* [ASSIGNMENT]: Go through the lines below and repeat each one exactly, skipping pictures.

* [GIVEN DATA]:
++++++++++++++++++++

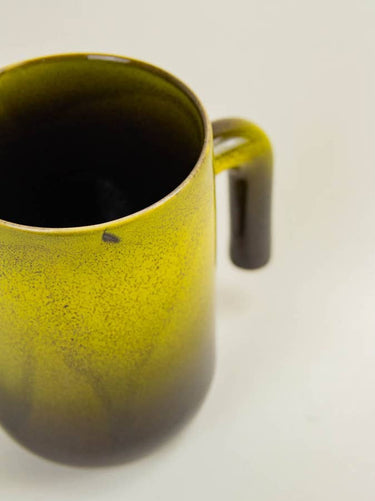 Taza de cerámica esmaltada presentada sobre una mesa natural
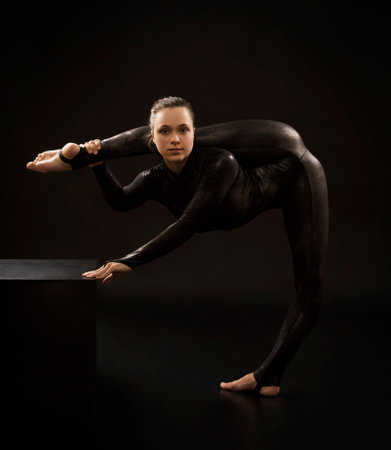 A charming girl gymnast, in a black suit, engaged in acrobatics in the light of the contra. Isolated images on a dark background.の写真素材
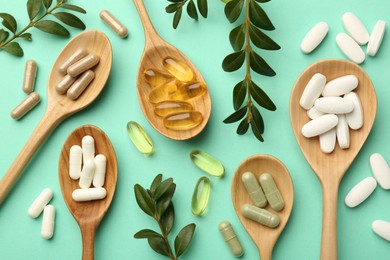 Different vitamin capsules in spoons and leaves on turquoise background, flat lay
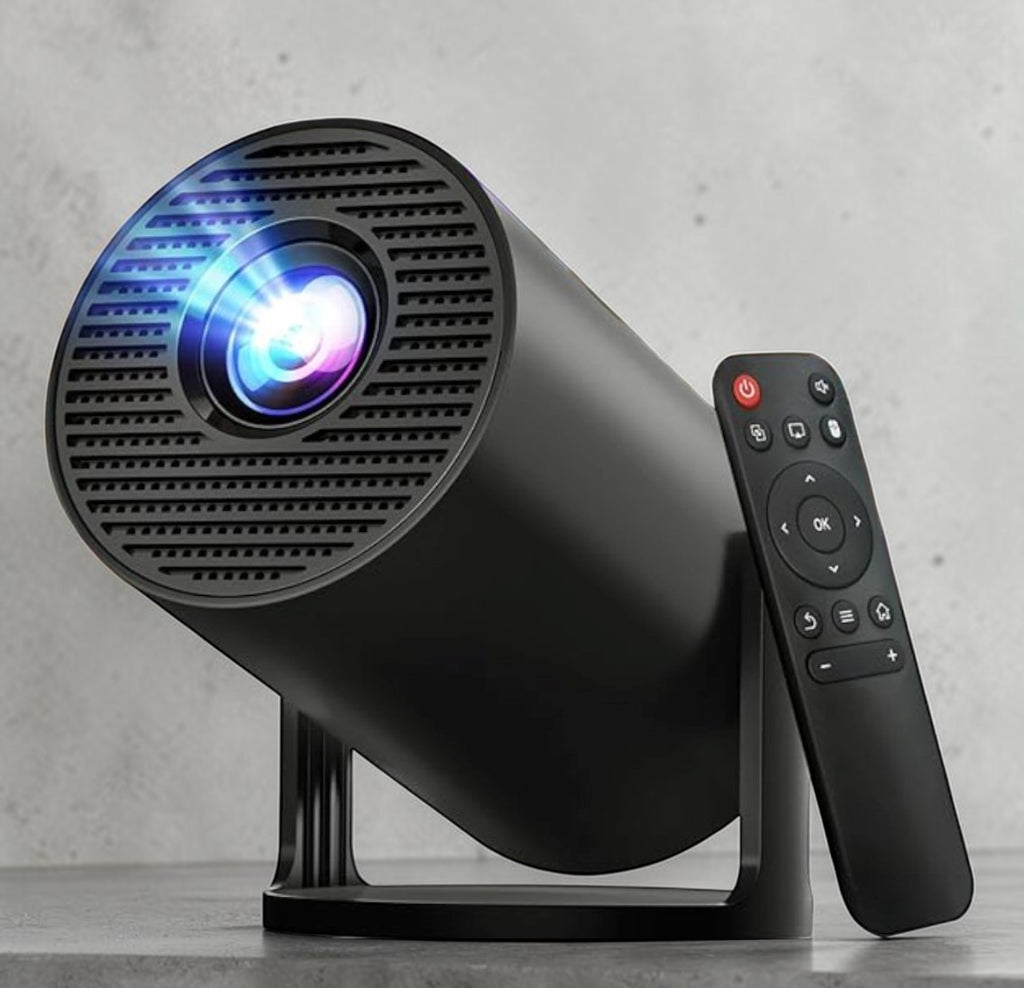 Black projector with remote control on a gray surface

++++++++++++++++++++

* [RESPONSE TO THE TASK]:
 Taza de cerámica esmaltada presentada sobre una mesa natural
 A charming girl gymnast, in a black suit, engaged in acrobatics in the light of the contra. Isolated images on a dark background.の写真素材
 Different vitamin capsules in spoons and leaves on turquoise background, flat lay
 Black projector with remote control on a gray surface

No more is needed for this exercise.